Nine-banded Armadillo


Nine-banded Armadillo (Dasypus novemcinctus)
Nine-banded Armadillo (Dasypus novemcinctus)

The nine-banded armadillo, scientifically known as dasypus novemcinctus, is one of many species of armadillos.
Scientific Classification
Domain
Eukarya
Kingdom
Animalia
Phylum
Chordata
Class
Mammalia
Order
Cingulata
Family
Dasypodidae
Genus
Dasypus
Species
Novemcintus

Habitat


Biome/Location

The nine-banded armadillos often inhabit forest and scrub-brush areas in tropical and temperate regions around the world. Although they are found in grasslands and savanna regions around woody areas, nine-banded armadillos prefer living in forests. They prefer to live in forests because they are able to forage in forest litter for small invertebrates. The armadillos are not often found in arid regions, instead they also thrive in riparian habitats and area with a sufficient amount of water and/or at least 38 cm of rain annually. This association with water allows for more available food sources in wetter areas or softer soil conditions for easy digging and burrowing. Nine-banded armadillos are very adaptable to different habitats, as long as there is sufficient food and water supplies available.
Temperature is an important factor in choice of a habitat for the armadillos. They start to shiver at temperatures below 22C, but the warmth of their burrow allows for the armadillos to inhabit temperate areas during milder winters. At present, nine-banded armadillos are not common in any regions in which more than 24 freeze-over days occur annually or the average January temperature drops below -2C. They are also more populous in low-lying areas, often around sea-level.

Adaptions

Nine-banded armadillo in a burrow.
Nine-banded armadillo in a burrow.

The nine-banded armadillo has many physical and behavioral adaptations. Their appearance and features allow to protect themselves from predators, capture prey and engage in daily activities. The outer body of the nine-banded armadillo is covered in armor made up of bony plates covered in a leathery kerantinous skin. These scales (osteoderms) provide a hard, but flexible covering, which comprises about 16% of the armadillo's body weight.
Another physical adaptation is the hips and the neck vertebrae. It includes several bones that are fused in order to make the spine and back relatively rigid, as an adaptation to digging. When agitated by a perceived threat, nine-banded armadillos usually freeze or jump straight in the air and sprint over short distances. A frightened nine-banded armadillo will usually seek a burrow then arches its feet and braces its back once inside so that it is difficult to remove.
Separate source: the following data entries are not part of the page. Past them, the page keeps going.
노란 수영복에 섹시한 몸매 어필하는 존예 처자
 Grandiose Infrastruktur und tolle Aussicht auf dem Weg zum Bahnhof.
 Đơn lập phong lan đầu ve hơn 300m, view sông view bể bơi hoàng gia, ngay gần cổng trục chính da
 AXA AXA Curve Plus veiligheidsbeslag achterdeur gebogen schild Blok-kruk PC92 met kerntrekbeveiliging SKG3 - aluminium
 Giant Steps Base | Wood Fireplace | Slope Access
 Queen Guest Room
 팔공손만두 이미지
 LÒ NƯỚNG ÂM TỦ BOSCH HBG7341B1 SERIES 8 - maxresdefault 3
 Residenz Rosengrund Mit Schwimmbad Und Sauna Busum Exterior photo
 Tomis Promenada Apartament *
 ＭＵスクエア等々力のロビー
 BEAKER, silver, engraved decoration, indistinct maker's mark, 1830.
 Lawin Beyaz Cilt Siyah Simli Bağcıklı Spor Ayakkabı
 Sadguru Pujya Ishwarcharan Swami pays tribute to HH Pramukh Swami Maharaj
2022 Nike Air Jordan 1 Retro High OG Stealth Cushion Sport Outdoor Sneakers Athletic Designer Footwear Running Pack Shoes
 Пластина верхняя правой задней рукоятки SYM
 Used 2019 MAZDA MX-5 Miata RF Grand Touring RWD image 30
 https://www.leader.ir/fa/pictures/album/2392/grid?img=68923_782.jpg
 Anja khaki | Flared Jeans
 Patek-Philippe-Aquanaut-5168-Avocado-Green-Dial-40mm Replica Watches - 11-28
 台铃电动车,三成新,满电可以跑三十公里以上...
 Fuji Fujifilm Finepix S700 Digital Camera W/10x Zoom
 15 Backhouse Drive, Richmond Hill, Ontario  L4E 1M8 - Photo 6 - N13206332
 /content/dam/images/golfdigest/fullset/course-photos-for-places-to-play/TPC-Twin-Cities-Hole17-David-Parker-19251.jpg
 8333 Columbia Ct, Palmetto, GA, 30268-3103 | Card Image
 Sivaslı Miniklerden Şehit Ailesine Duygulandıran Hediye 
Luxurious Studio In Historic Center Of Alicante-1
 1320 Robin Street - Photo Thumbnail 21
If a burrow is not nearby, the animal may seek dense thorny underbrush, as it is relatively protected by its tough exterior.

Species Interactions


Pari of nine-banded armadillos forage for food
Pari of nine-banded armadillos forage for food

The nine-banded armadillo are scavengers and consumers in the food web of it's environment. They associate with many kinds of invertebrates and some parasitic ticks. The habitat in which nine-banded armadillos live in, their environment harbors several species of fungi, such as Paracoccidiodies brasiliensis are responsible for human diseases. Armadillos infected with the fungus are able to cause a mycosis in humans, but humans appear healthy.
Nine-banded armadillos are opportunistic feeders, which over ninety percent of their diet, by volume is made up of animal matter. Almost five hundred separate foods, such as insecta and terrestrial invertebrates make up the diet of a single armadillo. While foraging, nine-banded armadillos rely primarily on their sense of smell to locate food items. For example, after preying on ant hills, the armadillos often roll around vigorously to remove ants from themselves.

Reproduction


Nine-banded armadillos often pair with each other during their summer breeding season. It is unusual for a male and female to maintain close proximity with one another because they are typically solitary animals. The male keeps the proximity intact, in order to claim and protect the female from other males. In some instances, males often fight as one protects his rights to the female. Females appear to retreat from males , which may be an effort to prevent the male from maintaining very close proximity before preparing to mate.
During copulation, a single ovum is fertilized. As it progresses, monozygotic polyembryony occurs. That is, when a blastocyst finally implants in the wall of the uterus, it buds into four identical embryos. This embryonic process almost always results in the birth of four identical quadruplets. The quadruplets are often born in early spring, after about a four month gestation period. Young nine-banded armadillos are born in an advanced state of development. They closely resemble their adult counterparts, but smaller in size.

Conservation


The population of nine-banded armadillos is increasing throughout most of their distribution in North, Central, and South America. Due to their high reproduction rate and expanding distribution, the armadillos are not considered to be in any danger. There is no major population decline, as nine-banded armadillos are able to maintain tolerance of habitat alteration. There are no major threats to the species, although it is hunted throughout its range. Given its high rate of reproduction, the species seems able to withstand a reasonably high degree of offtake. In North America, nine-banded armadillos are subjects to poisoning as it is considered a nuisance.